Gender dysphoria or gender identity disorder (GID) is the formal diagnosis used by psychologists and physicians to describe people who experience significant dysphoria (distress) with their biological sex. In most cases, this syndrome is a symptom of other anxieties and can be caused by obsession with very crude and rigid gender stereotypes e.g. "boys play sport, girls like pink".

Rapid Onset Gender Dysphoria is a term for the phenomenon seen in children or adolescents who have always accepted their biological sex but suddenly become obsessed with changing it. Research indicates that this is causes by exposure to transgender ideas in the peer-group or in the media, and it is related to stress factors.

The research of Professor Paul Hewson in the UK reveals that among young people who suddenly develop GID, 49% say they have been sexually abused. [1]

Myths and Fallacies

There is a myth spread by the transgender lobby that people are born with an "innate gender identity". There is no scientific basis for this and the people who assert it are neither scientists nor researchers.

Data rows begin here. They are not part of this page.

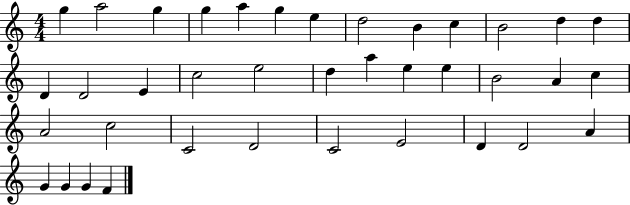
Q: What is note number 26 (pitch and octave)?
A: A4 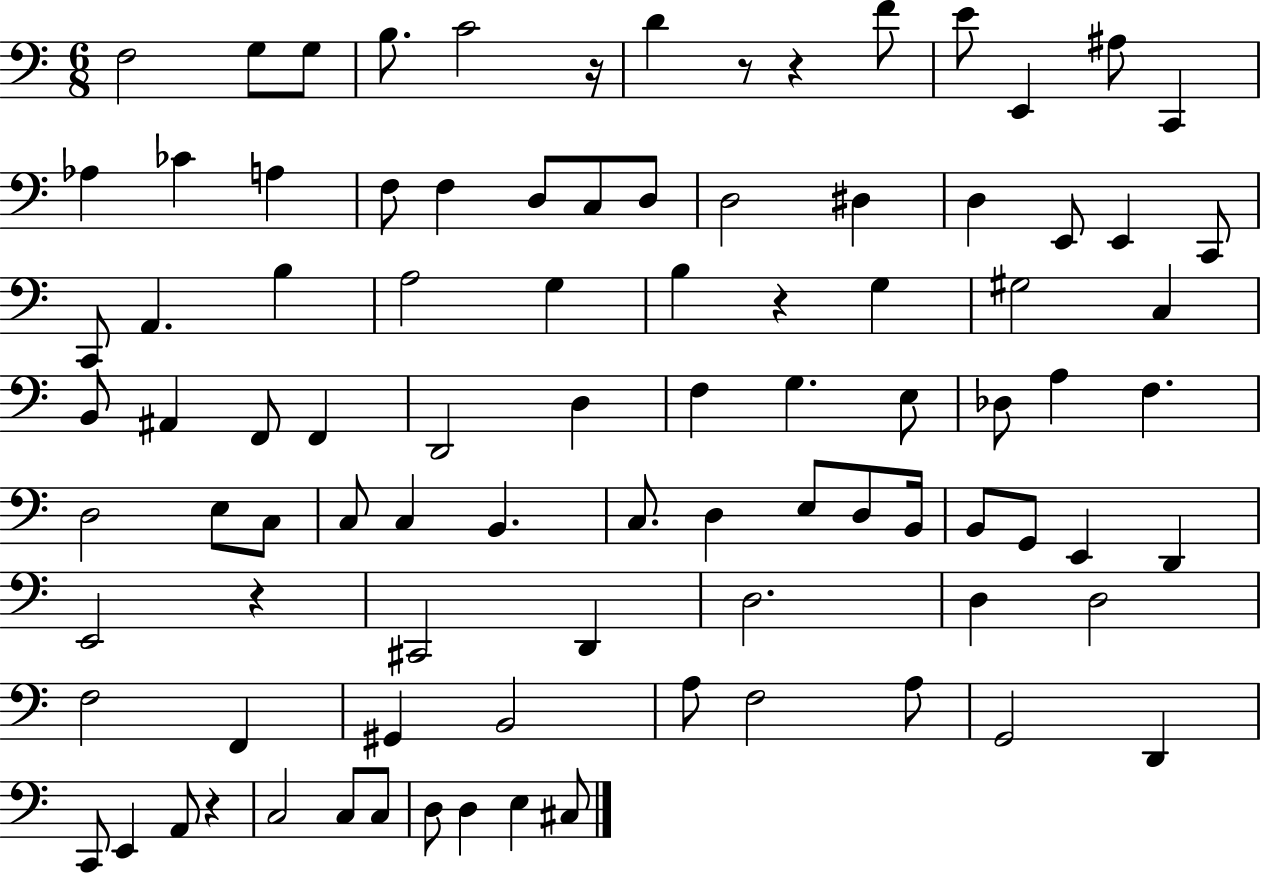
X:1
T:Untitled
M:6/8
L:1/4
K:C
F,2 G,/2 G,/2 B,/2 C2 z/4 D z/2 z F/2 E/2 E,, ^A,/2 C,, _A, _C A, F,/2 F, D,/2 C,/2 D,/2 D,2 ^D, D, E,,/2 E,, C,,/2 C,,/2 A,, B, A,2 G, B, z G, ^G,2 C, B,,/2 ^A,, F,,/2 F,, D,,2 D, F, G, E,/2 _D,/2 A, F, D,2 E,/2 C,/2 C,/2 C, B,, C,/2 D, E,/2 D,/2 B,,/4 B,,/2 G,,/2 E,, D,, E,,2 z ^C,,2 D,, D,2 D, D,2 F,2 F,, ^G,, B,,2 A,/2 F,2 A,/2 G,,2 D,, C,,/2 E,, A,,/2 z C,2 C,/2 C,/2 D,/2 D, E, ^C,/2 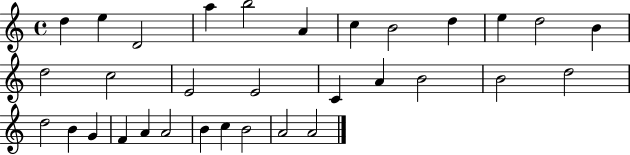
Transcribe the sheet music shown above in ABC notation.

X:1
T:Untitled
M:4/4
L:1/4
K:C
d e D2 a b2 A c B2 d e d2 B d2 c2 E2 E2 C A B2 B2 d2 d2 B G F A A2 B c B2 A2 A2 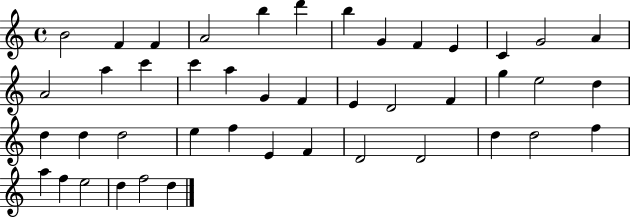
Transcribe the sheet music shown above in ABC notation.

X:1
T:Untitled
M:4/4
L:1/4
K:C
B2 F F A2 b d' b G F E C G2 A A2 a c' c' a G F E D2 F g e2 d d d d2 e f E F D2 D2 d d2 f a f e2 d f2 d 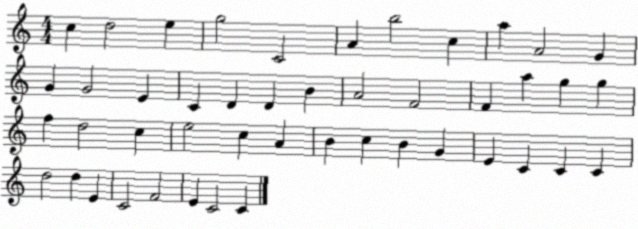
X:1
T:Untitled
M:4/4
L:1/4
K:C
c d2 e g2 C2 A b2 c a A2 G G G2 E C D D B A2 F2 F a g g f d2 c e2 c A B c B G E C C C d2 d E C2 F2 E C2 C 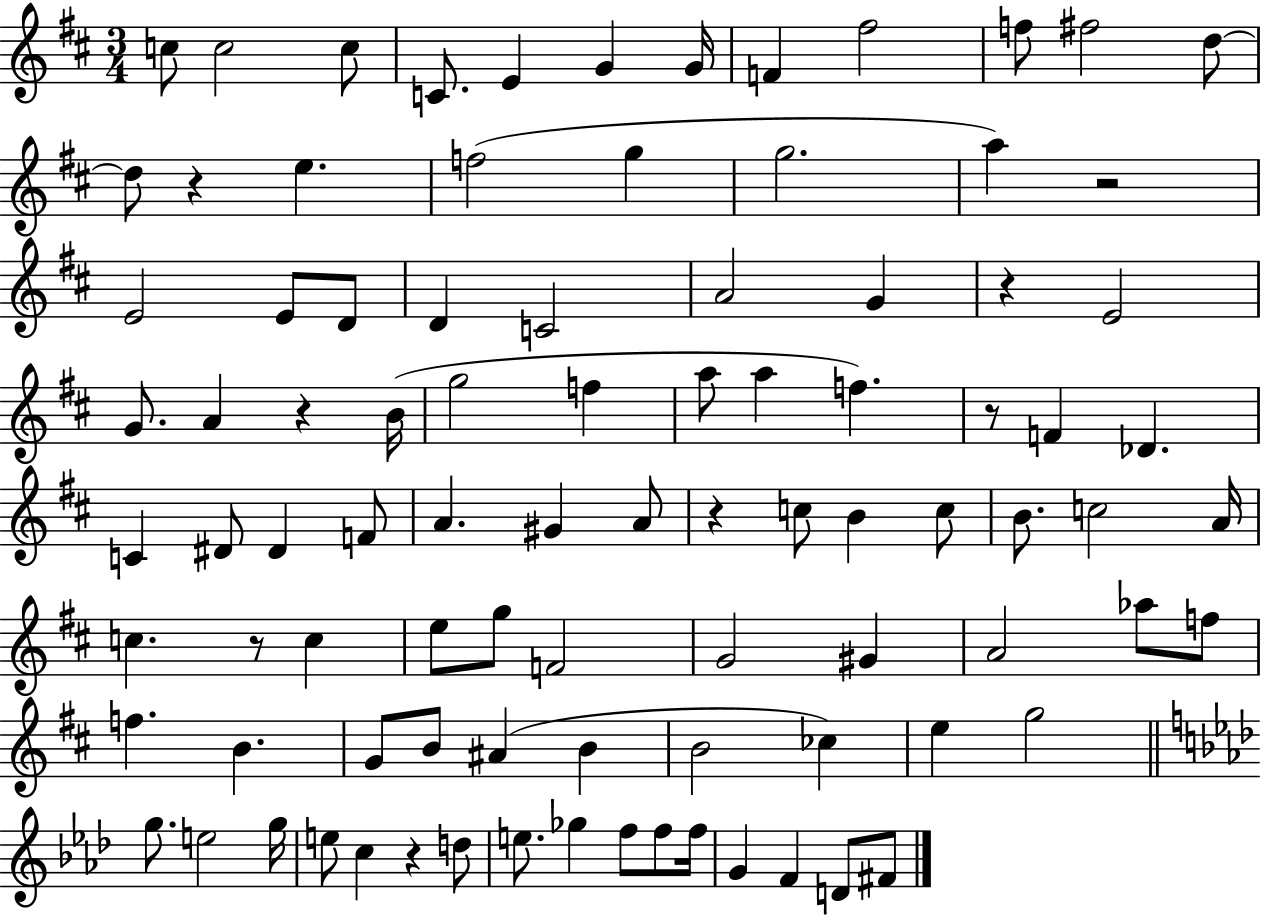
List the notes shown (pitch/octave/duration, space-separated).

C5/e C5/h C5/e C4/e. E4/q G4/q G4/s F4/q F#5/h F5/e F#5/h D5/e D5/e R/q E5/q. F5/h G5/q G5/h. A5/q R/h E4/h E4/e D4/e D4/q C4/h A4/h G4/q R/q E4/h G4/e. A4/q R/q B4/s G5/h F5/q A5/e A5/q F5/q. R/e F4/q Db4/q. C4/q D#4/e D#4/q F4/e A4/q. G#4/q A4/e R/q C5/e B4/q C5/e B4/e. C5/h A4/s C5/q. R/e C5/q E5/e G5/e F4/h G4/h G#4/q A4/h Ab5/e F5/e F5/q. B4/q. G4/e B4/e A#4/q B4/q B4/h CES5/q E5/q G5/h G5/e. E5/h G5/s E5/e C5/q R/q D5/e E5/e. Gb5/q F5/e F5/e F5/s G4/q F4/q D4/e F#4/e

There is another myth that surgery can cure the condition by changing your sex, but this is as much a delusion as the belief that you are really a different sex from your body. Surgery can only make a healthy person into a eunuch. So-called sex-change or "gender-reassignment" treatment consists of taking sex hormones, removing breasts or male genitalia, and creating an artificial imitation of the organs of the opposite sex, but these are non-functional. The person who has undergone this surgery is sterile, cannot experience sexual function and is never a member of the opposite sex. Their original XX or XY chromosomes remain in every cell of their body.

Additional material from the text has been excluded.